Many of these ethical breaches can be traced back to the fact that computers are stupid. They do not understand the social, legal or economic context of what they are being asked to do. For example, Amazon used the CVs of people who had previously been successful at their company to train their recruitment algorithm. Which on the surface seems like a fairly sensible idea, and likely began with a business question posed to the data science team along the lines of, “These employees did well in the past, can you find more candidates like them from our huge pile of applications?”. The data science team will then have built a model with something like this question in mind, “based on what we know about what it takes to be successful at Amazon, can you find the best candidates from this pile of CVs?”. Finally, the last link in the chain, the computer, will actually have been answering a question stripped of all context, “which CVs are the most similar to those I was trained with?” This gradual simplification of the question had profound impacts on the final results, such as penalising CVs from two all-women’s colleges in the US, because in a male dominated sector, previously successful employees were pretty unlikely to have hailed from those schools.

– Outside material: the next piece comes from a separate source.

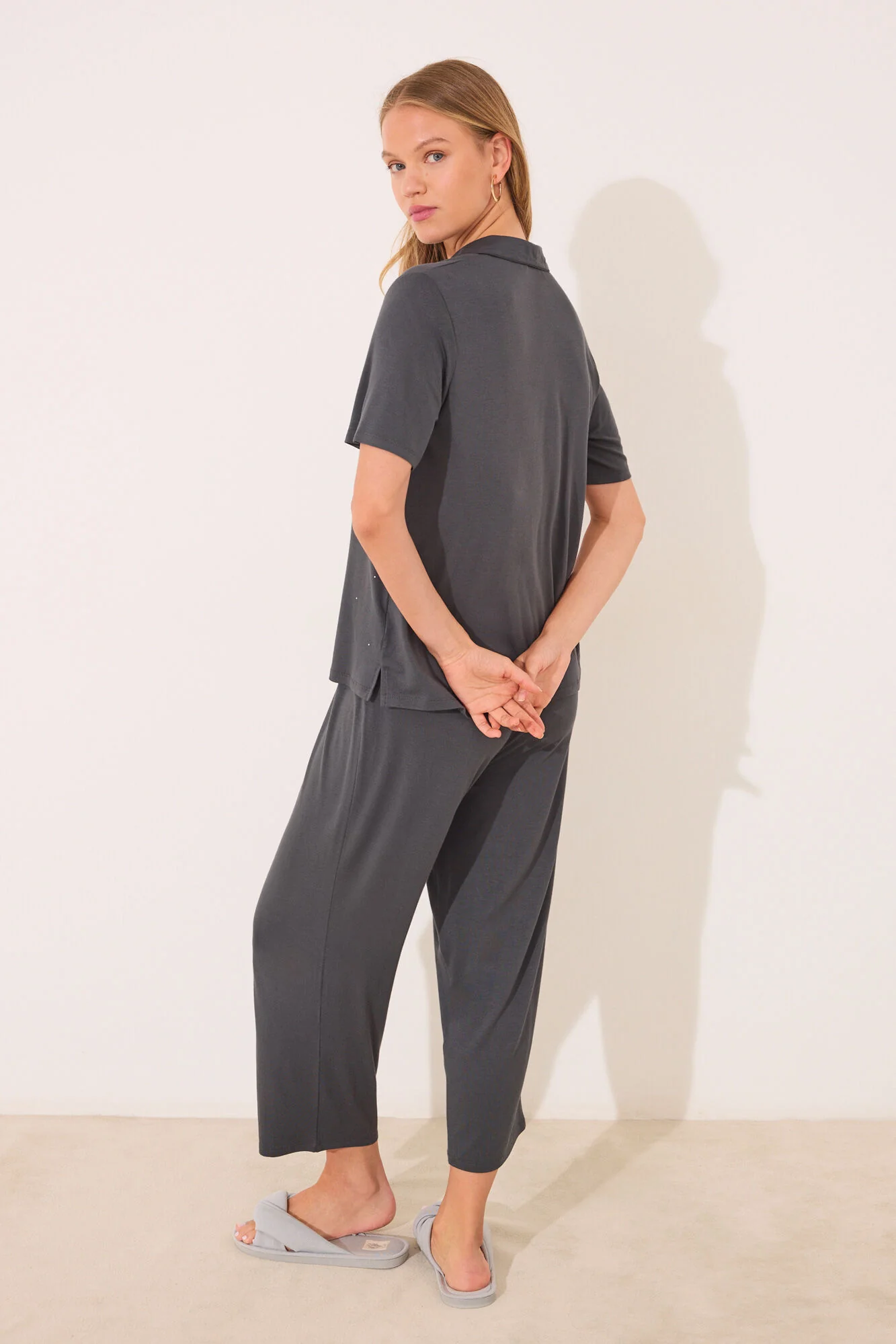 Gray viscose Capri classic pyjamas - Image 4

The specific technical details of the reoffending risk assessment algorithm remain a trade secret, as the development of the software in question was done by a private company. However, given the high proportion of African Americans in the US penal system and the complexities at the intersection of race and policing, I would suggest that it is unlikely the question which eventually made its way to the computer was sufficiently nuanced to be truly fair. This inference is borne out by results that African Americans were twice as likely to be labelled at a higher risk of reoffending, but did not.

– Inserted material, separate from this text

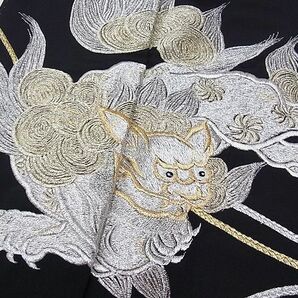 平和屋1■豪華黒留袖 総刺繍 唐獅子 金銀糸 逸品 CAAC3426hyの画像3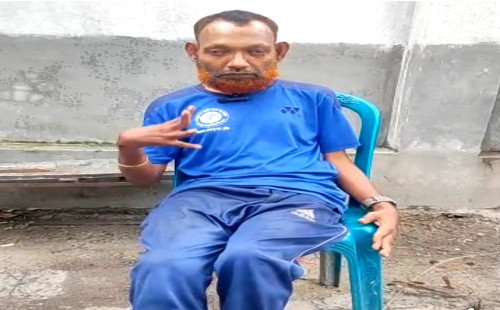 কুষ্টিয়ায় প্রতিবন্ধী আয়নালের ইজিবাইক ছিনতাই, মানবেতর জীবনযাপন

Scientists for Labour previously wrote a briefing on the Ofqual A-level results algorithm, which was not only an inappropriate tool for answering the question, but was also seemingly deeply flawed in its technical development. This led to results which would have compounded class inequalities for an entire cohort of 18 year olds had the Government not been forced into a humiliating U-turn.
The quote at the top of this blog post from Professor Box describes the reality of life as a data scientist. The models we make do not reveal some objective truth of the world, they are an approximation constructed through our decisions on what data to include, which algorithms to use and our understanding of the question we’re trying to answer. Whilst the results can be useful, in many cases they are designed to be used to support humans taking decisions, not to replace them. The distinction is important, as the computer is unlikely to understand nuance, complexity, legality and fairness.

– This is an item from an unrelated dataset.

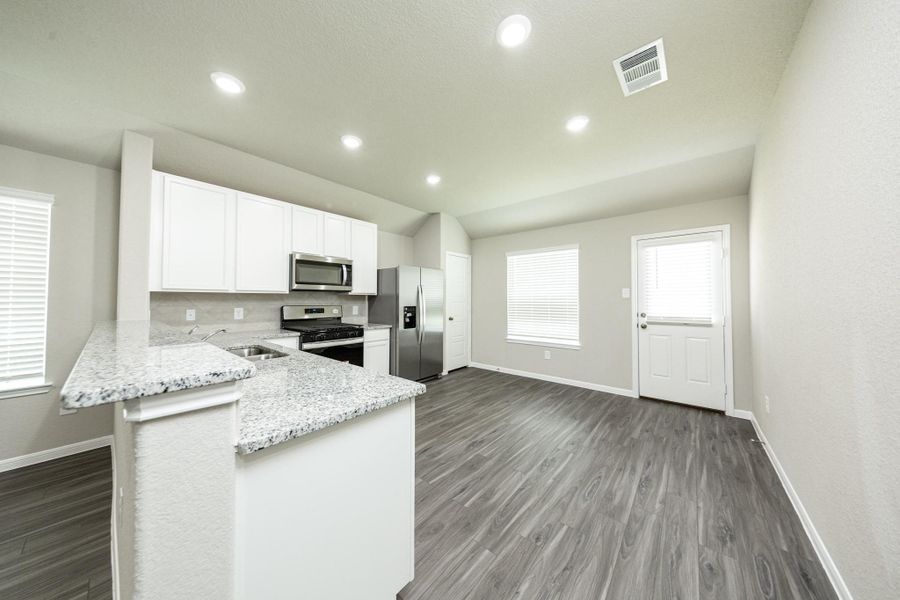 Furnished interior view inside a new home in Mackenzie Creek, Conroe (Image 5).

Machine learning, computer analytics, algorithms and models aren’t going away. In fact, they are increasingly becoming an important aspect of our lives, so it is imperative that we find a way to deal with the ethics of computer assisted decision-making. The answers are scepticism and transparency. Decision-makers must be trained to understand the uncertainty of the results they are presented with, and the assumptions which are baked in. Rather than leaving a data science team to develop a model in isolation, leaders and managers who set the initial requirements should be empowered to regularly question the assumptions and choice, and where necessary scrap projects without recrimination if the model is deemed incapable of sufficiently dealing with the nuances of human life. Finally, in the public sphere models must be transparent. The Royal Statistical Society offered to assist Ofqual with the A-level results model, but withdrew that offer due to the non-disclosure agreements they were presented with. As the public we have a right to know what decisions are being made and what information is being used to make them. Without scepticism and transparency we risk locking inequality into everything from justice to health to education without even realising it has happened.